Best one-liner: "Isn't that just like a wop? Brings a knife to a gun fight." (said in Sean Connery's Scottish brogue)

THE UNTOUCHABLES is a pretty solid flick. I saw it when I was rather young, and I remember it making quite an impression. Part buddy cop movie, part mobster epic, part Peckinpah-style shoot-'em-'up, part courtroom drama, part police procedural, part Sergei Eisenstein meets John Woo– it pretty much had it all. Initially I saw it because INDIANA JONES AND THE LAST CRUSADE had recently come out and it had launched a Sean Connery kick for me that never really did end, now that I think about it. I believe it may have been my first exposure to Brian de Palma and David Mamet, too. In the years hence, I know that Mamet has written works with greater depth and resonance than this, and I know that De Palma has made movies that are artsier and even more ludicrous, but it's nice to return to THE UNTOUCHABLES, like an old friend– an old friend with a reverb-heavy, kickass 80's Morricone soundtrack who luvs slo-mo squib action and disguising split-screen shots as ridiculous deep-focus shots.
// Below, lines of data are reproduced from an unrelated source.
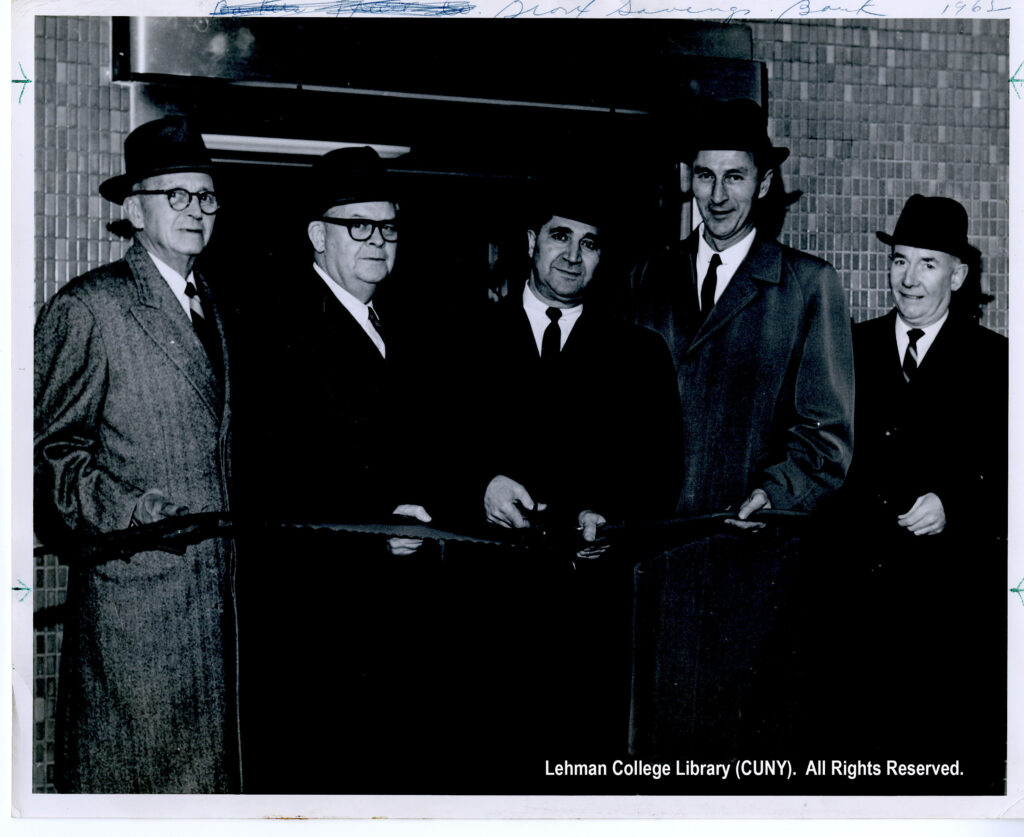 Image of several older men wearing dark-colored suits cutting a ribbon to open a drive in for the Bronx Savings Bank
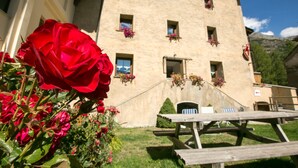 Un edificio con varias ventanas, algunas con jardineras, una mesa de picnic y un área verde al frente.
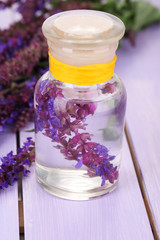 Obraz na płótnie Canvas Medycyna butelki z Salvia kwiatów na fioletowym tle drewniane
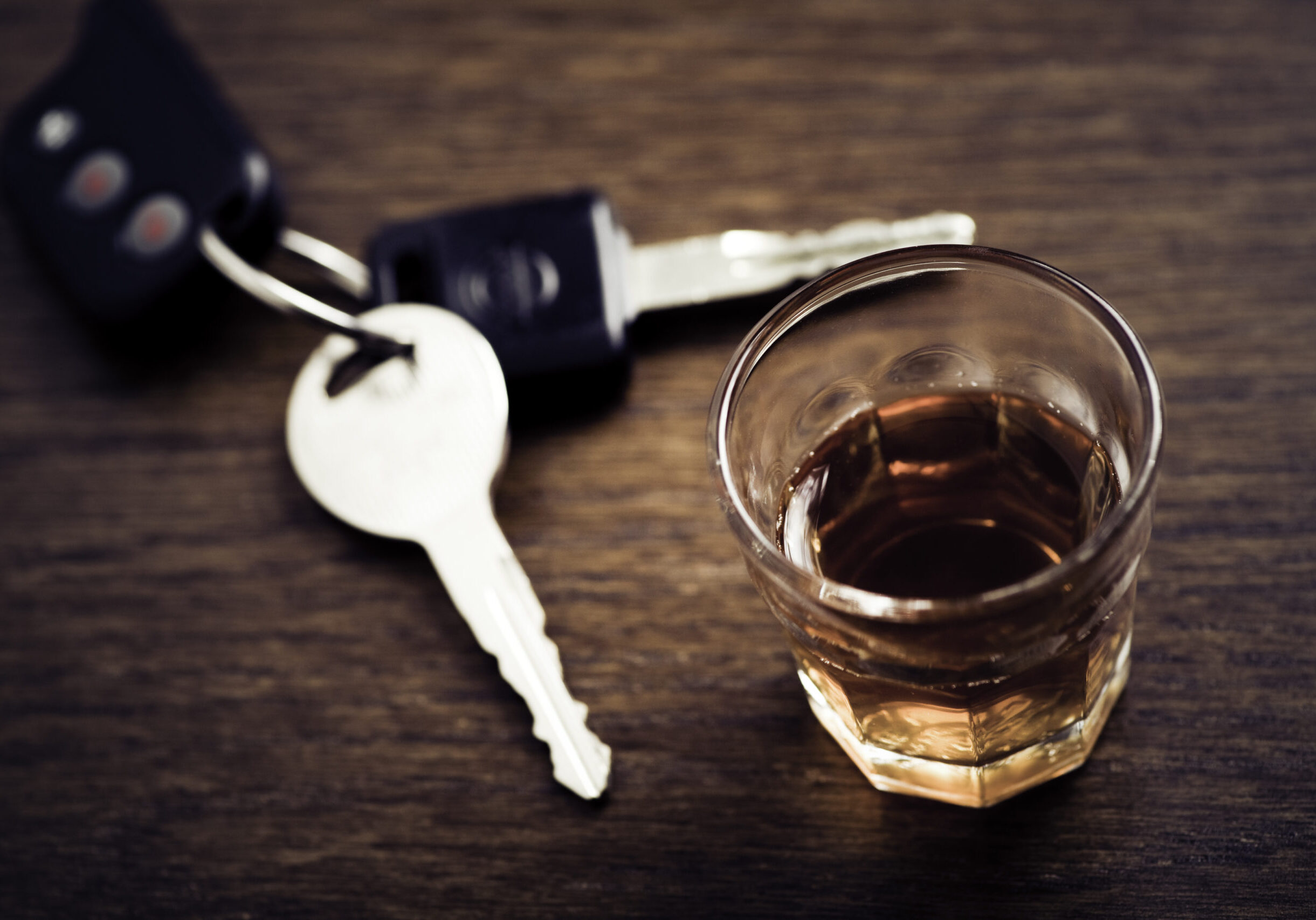 A glass of whisky and a set of car keys on a wooden table A shot glass full of dark colored alcohol on top of a bar table along with a set of car keys. Drinking and driving series. Also driving under the influence of alcohol.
Anyway, others, such as J.D. at Radiator Heaven, John Kenneth Muir, and Mr. Peel's Sardine Liqueur have pretty much said what needs to be said about the film in the realms of historical context, profundity, and classiness, so I suppose that instead of covering ground that's already been covered, I'll do what I am wont to do: leap headlong into the absurdity and minutiae of THE UNTOUCHABLES!

As such, I'll divide my observations into two parts: Drago-related, and non-Drago-related. The non-Drago-related section is gonna be pretty small, actually.
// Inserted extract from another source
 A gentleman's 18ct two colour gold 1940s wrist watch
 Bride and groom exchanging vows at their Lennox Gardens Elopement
Non-Drago-Related Observations:

#1. Don Harvey.

Hey, look, guys– it's Don Harvey, handing Kevin Costner an axe! You remember Don Harvey, don't you? From DIE HARD 2 and CREEPSHOW 2? I've described him as proto-Peter Weller meets proto-Kevin Bacon, and hey– I like the guy. Nice to see you, Don.

#2. TENEBRE homage.

Oh, De Palma, I love ya. During a notable scene when Sean Connery is being stalked at his home, the camera shifts forward and backward, tracking across the exterior architecture, catching voyeuristic glimpses of Connery, and ending with a first-person P.O.V. of hands breaking into a window, just like the legendary crane shot in TENEBRE (which has nearly the exact same visuals, and ends with black-gloved hands wielding bolt-cutters to gain entrance to a window). Sure, it doesn't matter much in the long run, but it makes me kinda tingly when Argento gets a well-deserved salute. Unless said salute is being delivered by Diablo Cody. Or to Diablo Cody. Eh. Anyway, TENEBRE is notably referenced in RAISING CAIN, too.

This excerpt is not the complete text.